Load Mistral-7B-Instruct model. You can use quantization to reduce memory usage.

In [None]:
# Load model - use 4-bit quantization to save memory
model = load_model(
    model_name="mistralai/Mistral-7B-Instruct-v0.2",
    model_type="huggingface",
    load_in_4bit=True,
    torch_dtype=torch.float16
)

print("Model loaded successfully!")

## Example 1: Single Review Summarization

In [None]:
# Example Indonesian e-commerce review
review = """
Barang udah sampai dgn selamat.
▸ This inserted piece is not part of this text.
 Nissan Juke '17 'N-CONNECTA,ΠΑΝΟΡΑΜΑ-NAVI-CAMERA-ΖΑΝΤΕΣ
Packaging rapi bgt, bubble wrap tebal jd gak khawatir pecah. 
Kualitas produk oke, sesuai deskripsi. Harga agak mahal tp worth it sih. 
Pengiriman cepet bgt cuma 2 hari sampe. Seller responsif, fast respon banget. 
Puas bgt sama pembelian kali ini. Recommended seller! üëç
"""

# Preprocess the review
cleaned_review = clean_text(review)
print("Cleaned review:")
print(cleaned_review)
print("\n" + "="*80 + "\n")

# Create prompt
prompt = create_summarization_prompt(
    reviews=[cleaned_review],
    model_type="mistral",
    max_length=50
)

print("Prompt:")
print(prompt)
print("\n" + "="*80 + "\n")

# Generate summary
summary = model.generate(
    prompt,
    max_new_tokens=128,
    temperature=0.7,
    top_p=0.9
)

print("Generated Summary:")
print(summary)

## Example 2: Multiple Reviews Summarization

In [None]:
# Multiple reviews
reviews = [
    "Produk bagus banget, sesuai ekspektasi. Pengiriman cepat.",
    "Kualitas oke, tapi pengiriman agak lama. Overall puas sih.",
    "Barang mantap! Seller ramah dan fast respon. Recommended!",
    "Harga sebanding dengan kualitas. Packing rapi. Good job!"
]

# Create prompt for multiple reviews
prompt = create_summarization_prompt(
    reviews=reviews,
    model_type="mistral"
)

# Generate summary
summary = model.generate(
    prompt,
    max_new_tokens=150,
    temperature=0.7
)

print("Summary of multiple reviews:")
print(summary)

## Example 3: Evaluation with ROUGE

In [None]:
# Example: evaluate against reference summary
reference_summary = "Produk berkualitas dengan pengiriman cepat dan seller yang responsif."
predicted_summary = summary  # Use the generated summary from above

# Calculate ROUGE scores
scores = calculate_rouge(
    predictions=predicted_summary,
    references=reference_summary
)

print("ROUGE Scores:")
for metric, values in scores.items():
    print(f"\n{metric.upper()}:")
    for key, value in values.items():
        print(f"  {key}: {value:.4f}")

## Example 4: Batch Processing

In [None]:
# Multiple reviews to summarize
reviews_list = [
    ["Barang bagus, pengiriman cepat, seller ramah."],
    ["Produk sesuai deskripsi, packing aman."],
    ["Kualitas oke, harga terjangkau. Recommended!"]
]

# Create prompts for all reviews
prompts = [create_summarization_prompt(reviews, model_type="mistral") for reviews in reviews_list]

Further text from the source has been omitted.